Too careless-gay for courage, singing they go
Into the dark.
With tin whistles, mouth-organs, any noise,
They pipe the way to glory and the grave;
Foolish and young, the gay and golden boys
Love cannot save.
High heart! High courage! The poor girls they kissed
Run with them : they shall kiss no more, alas!
Out of the mist they stepped-into the mist
Singing they pass.
• Colours – refers to the flags and emblems of different regiments of the army
What is the poem about?
The poem is about young men in Dublin joining the army to fight for Britain in the World War. This is their parade out of the city after having signed up, as they make their way to where they will be trained to fight. The speaker is outside the action, a woman watching the men going, and reflecting on their cheery marching and send-off, but also the likely outcome of their going to war: their deaths. As the speaker is talking in the 3rd person shown by the use of pronouns (they), the poem is less bitter than “Recruiting”.

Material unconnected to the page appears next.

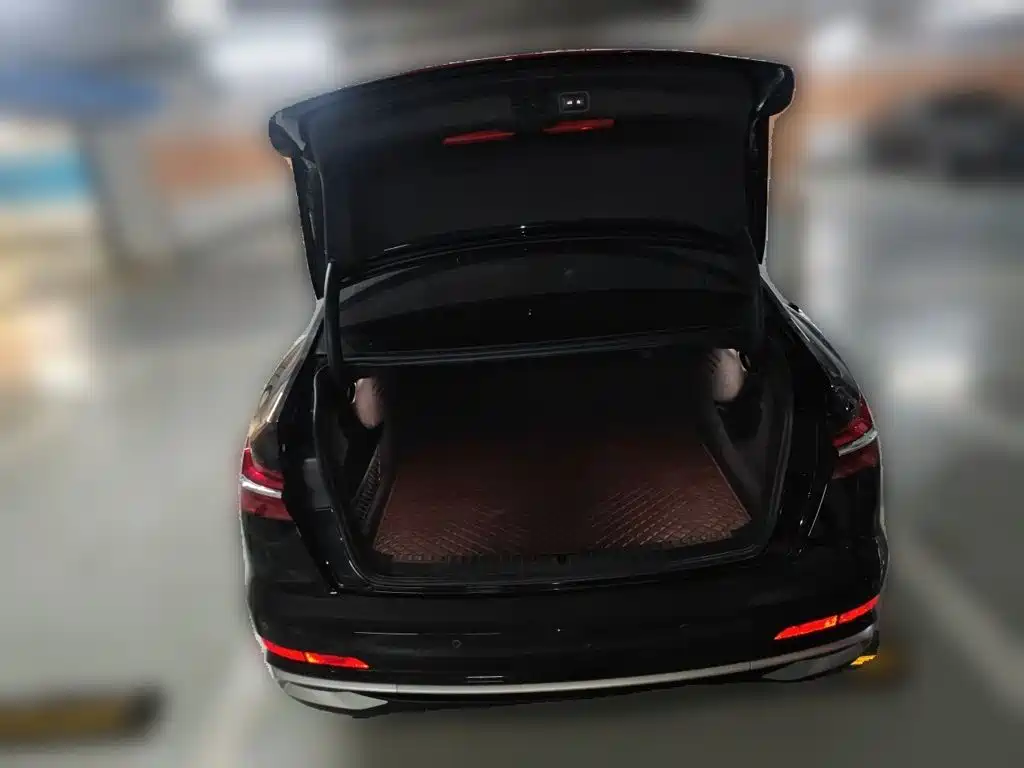Фото 20 - Audi A6L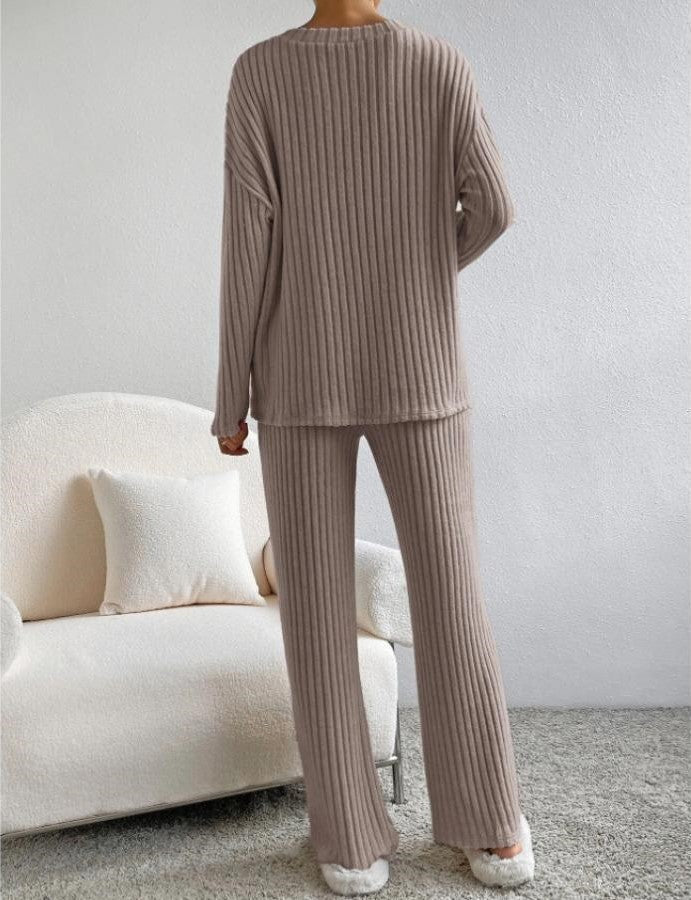 Petra | Ribbed Knit V-Neck Sweater And Pants Set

· Regular rhyme and rhythm – reflects the marching and cheerful songs of the men as they leave the city, excited and happy to be going to war.
· However – the last line of each stanza is significantly shorter than the rest of the lines – which breaks this rhythm. It makes you think and draws attention (perhaps) to the abrupt end their lives could come to. It upsets the otherwise quite cheerful sounding mood of the poem. Look at what the poet is specifically emphasising in each line.
How does the poet highlight the youth of the men leaving the city? – “Smooth-cheeked”, “golden”, “The mothers’ sons”. They play “tin whistles, mouth-organs” which are quite childish instruments, and the people they have kissed are “girls” not women. Their happiness could also reflect their naivety and the fact they have no idea what they are going to. They leave cheerfully and full of excitement and noise. The great number of the men is emphasised by the repetition of “row on row”. The suggestion is that the men will be greatly missed; the poet personifies (gives human characteristics to an object) the street: “The drab street stares” – the word “drab” suggests either that the men are taking the life with them, or that they could possibly be escaping to somewhere more exciting.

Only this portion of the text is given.